Adieu Cayenne
Chapitre 1 AU DÉBUT DE L’ANNÉE QUI VA FINIR…
Au début de l’année qui va finir, tout homme
qui achète un journal put lire une dépêche provenant de Cayenne.
Elle annonçait que le forçat Dieudonné, « ancien membre de la
bande à Bonnot », avait trouvé la mort en voulant
s’évader.
Dieudonné ?
Camille-Eugène-Marie Dieudonné. Il a vingt-six
ans, quand éclate l’affaire Bonnot. De son métier, il est ouvrier
ébéniste ; d’idées, anarchiste, illégaliste, ainsi que l’on
disait à l’époque.
Il a nourri son jeune âge de la littérature
des citoyens Alexandre Millerand, Urbain Gohier, Aristide Briand,
Gustave Hervé. Il n’ignore pas Gustave Le Bon. Il réciterait sans
défaillance les livres de l’éminent M. Félix Le Dantec, professeur
à la Sorbonne. Stirner, Nietzsche sont ses maîtres.
C’est assez dire qu’il ne fait pas partie de
ces ouvriers de marchands de vins et du Vélodrome d’hiver. Il est
un intellectuel !
La journée finie, il court les réunions que
lui recommandent les professeurs plus haut cités. L’innocent !

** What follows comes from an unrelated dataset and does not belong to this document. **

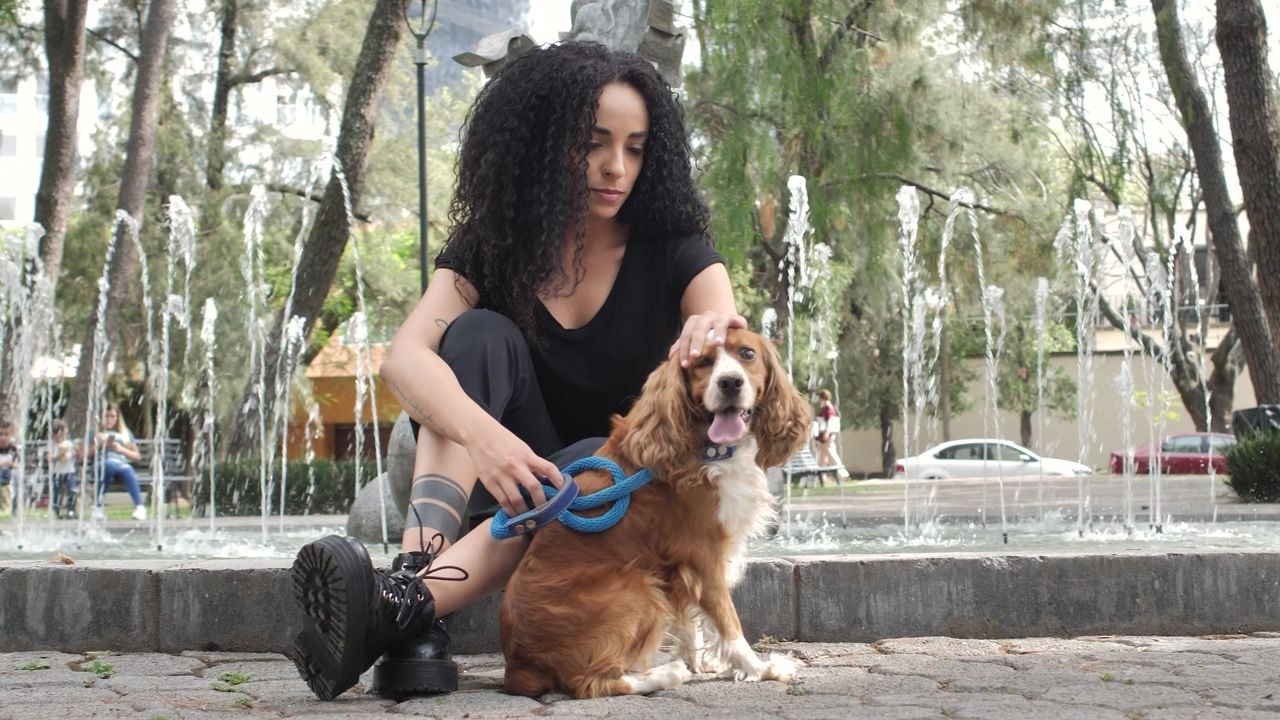 Girl sitting on the edge of a fountain in a park, with her dog at her side while lovingly petting him, and the camera pans from side to side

Il ferait mieux d’aller sur le zinc ! Là, il rencontre tous
les ennemis de la société. Il en connaît même qui
s’appellent : Garnier, Bonnot, Callemin, dit
Raymond-la-Science.
Justement, à cette date, Garnier, Bonnot,
Callemin montent dans des automobiles. Ils ont un revolver au poing
et ils tirent sur des employés de banque, ils
« descendent » des agents de police, ils assassinent des
chefs adjoints de la Sûreté. Ils en font bien d’autres !
Mauvaises fréquentations pour un
ébéniste !
Il eût fallu se saisir des garçons qui,
croyant faire les apôtres, ne faisaient que les bandits. La police
n’y parvenait pas. Elle se rabattit sur le voisin, non le voisin
d’habitation, mais le voisin de doctrine. Ainsi fut arrêté
Dieudonné.
C’est là que le drame commence.
La bande à Bonnot avait débuté dans le
commerce du crime par l’attaque d’un nommé Caby, garçon de
recettes, alors qu’il passait rue Ordener.
Caby ne mourut pas.
Il désigna Garnier comme son agresseur :
« C’est bien lui, s’écria-t-il, je le reconnaîtrais entre
cent. »
Mais Garnier fut tué peu après, lors du siège
qu’il soutint dans une maison de banlieue.
La police, alors, présenta plusieurs
photographies à Caby. Caby les examina.
– Je m’étais trompé la première fois, en
accusant Garnier, dit-il. Mon assassin, le voilà !
Et il posa le doigt sur le portrait d’un
inspecteur, portrait glissé parmi des têtes d’anarchistes.
La bande à Bonnot, la vraie, continuait
l’assaut contre la société. L’opinion, affolée, réclamait des
coupables.
Dieudonné était en prison. Pourquoi ne
l’essaierait-on pas comme l’agresseur de Caby ?
Une après-midi, Dieudonné, non rasé, sans col,
hagard, traverse, entre deux policiers, les couloirs du Palais de
Justice. On le conduit chez le juge d’instruction.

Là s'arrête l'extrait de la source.